El vocero de CAME, Vicente Lourenzo, dialogó con MEDIOS RIOJA y señaló que la caída sostenida de las ventas, sumada al aumento constante de costos, está dejando a muchos comerciantes al borde del cierre o del cambio de rubro.
El sector comercial atraviesa un panorama crítico debido a una tendencia a la baja que se sostiene hace meses. Según explicó Vicente Lourenzo, vocero de la Confederación Argentina de la Mediana Empresa (CAME), la combinación de ventas en descenso y costos que no dejan de subir ha golpeado directamente el corazón del negocio: la rentabilidad. En este contexto, la incertidumbre crece entre los propietarios locales que ya no logran equilibrar sus cuentas mensuales.
La presión económica se siente con fuerza en los gastos fijos y variables. «Los costos siguen aumentando, poco, pero en años de inflación al ritmo del 2 por ciento, 2,5 y en una caída de ventas y aumento de costos, lo que empeora es la rentabilidad», detalló Lourenzo.

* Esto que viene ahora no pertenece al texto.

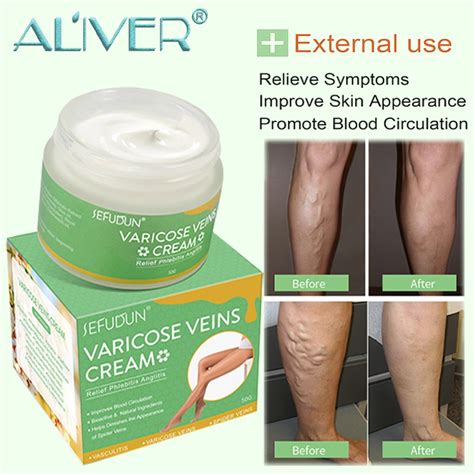 Aliver Varicose Veins Treatment Cream Ointment Vasculitis Phlebitis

Esta situación ha llevado a que muchos comerciantes planteen escenarios drásticos para el corto plazo: «Muchos comienzan a ver que, si esta situación se sostiene en el tiempo, tenemos que cambiar de rubro o cerrar directamente».
El vocero destacó que el bolsillo de los consumidores está al límite por las subas en rubros esenciales como colegios, alquileres y gastos generales de servicios. Ante este escenario, la conducta de compra ha cambiado drásticamente, priorizando solo lo básico. «En un momento comenzamos a tachar lo prescindible y dejamos para más adelante», afirmó, señalando que el sector de bazar y regalos es actualmente uno de los más castigados por la crisis.
Finalmente, Lourenzo remarcó lo difícil que se ha vuelto sostener una estructura comercial en la actualidad. La preocupación de CAME refleja una realidad que se palpa en las calles de la ciudad, donde la sostenibilidad de los puestos de trabajo y la permanencia de las persianas levantadas dependen de un cambio en la tendencia de consumo que, por ahora, no aparece.